Chiu credits his art skills not so much to his university learning, but instead, to a childhood filled with various comics, cartoons and video games.
“I grew up watching ‘Animaniacs,’ ‘Ren and Stimpy,’ ‘Samurai Pizza Cats’ and ‘Ninja Turtles.’ I grew up reading Garfield comics. I was also influenced by Nintendo and Super Nintendo games. I played Street Fighter, Mega Man and Super Mario. All these things inspired me and helped me develop my own visual style and vocabulary,” says Chiu.
Chiu gives another example of his right-brained mentality, initiated in his youth, by rewinding back to the second grade. It was a requirement that book reports be accompanied with illustrations. Chiu complied with the instructions and the teacher liked his drawing well enough to share it with the class.
What were his sentiments about this incident? Chiu simply states, “It made me feel good.”

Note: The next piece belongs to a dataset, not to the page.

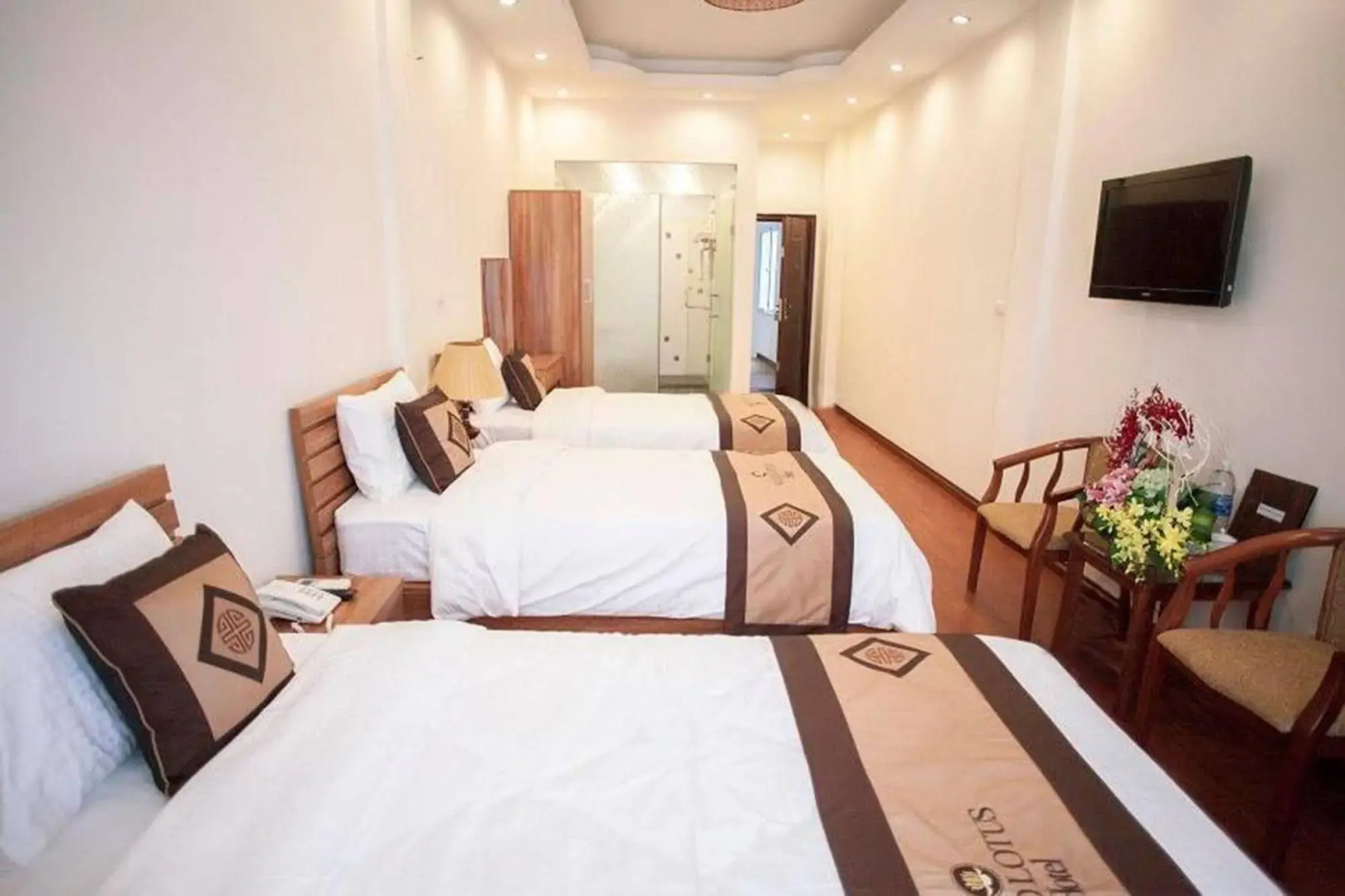 Photo - Wild Lotus Hotel & Travel 2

Chiu’s minimal but honest response effectively corresponds with the kind of guy he is. According to his personal statement on his website, Alexdoodles.com, he yearns for simplicity in a world that is, at times, unbearably complicated with an abundance of paperwork, lines, taxes, fines, penalties, brand names, titles and degrees. He adds, “We forget that surviving only takes a little food, water and heat.” He explains, in his personal statement, that he has stopped believing that he can live happily in this world around him, so he created his own world – through his art.
And Chiu unquestionably does just that.
Even a passing glance at his online art portfolio reveals that the artist has an exceptionally distinctive take on what a “simple world” means. The portfolio, separated into sections of watercolor, drawings, digital/mixed media, collaborations, sculptures, comics, gallery installations/public art and more, boasts of eclectic and expressive pieces that most people could not possibly have the imaginative capacity to envision. Nevertheless, through his talent and creativity, Chiu makes these ideas available for all to enjoy because cartoons “are easy to understand and enjoyed by all cultures, ages, sexes, etc.”
“I find cartooning to be the most universal form of art. Cartooning is a language of symbols. I enjoy how many different ways there are to draw eyes, hands, water, shoes, etc. Each cartoonist seems to have his/her own personal style and visual vocabulary. I enjoy how images and patterns are borrowed, shared and reinvented amongst artists,” explains Chiu.
Chiu says he has trained himself to be able to draw even on moving trains, cars and buses. More or less, he can work on his art everywhere. But, he prefers to work in coffee shops. “I really like listening in on other people’s conversations,” admits Chiu. When he’s not eavesdropping, he listens to KXLU, NPR or Beirut Station on Pandora Radio.
His time not allotted to art is devoted to his wife, A’misa Chiu, and their beagle Sumo Dog, in addition to a quest to understand his spirituality. Interested in comparative religion, he reads works by Huston Smith and Joseph Campbell. As most of his drawings are “automatic, stream of consciousness” based, if he does mention religion or politics, it’s usually of that moment and “in a subconscious way,” says Chiu.
When asked if he ever hesitates or second-guesses his chosen path in life, Chiu answers that he cannot imagine not producing art on a regular basis. Because he doesn’t have any other marketable skills, at this point in his life, he doesn’t know what else he would even be able to do.
“I feel like I was born to draw and paint,” says Chiu, who has also worked in coffee shops and as a book shelver at a library. “I see it as a life calling. Drawing and painting comes as naturally to me as pooping or peeing.”
Chiu has barely made any profit on his art. So, he certainly isn’t in it for the money. But despite what others may say about art as an unsuitable career or budget cuts resulting in dwindling art programs, Chiu believes people will create art, regardless.
He gives a list of his own mantras as advice to those who wish to pursue a career in art, as well as others who are not as artistically inclined. Each mantra is indisputable and resonates in his art and lifestyle:
“Be kind to one another. Stay healthy, eat right. Respect the elderly. Forgive people. No one’s perfect. Stop driving. Share your wealth. Stop caring so much about money. Grow your own food. Make art. Make music. Enjoy life.”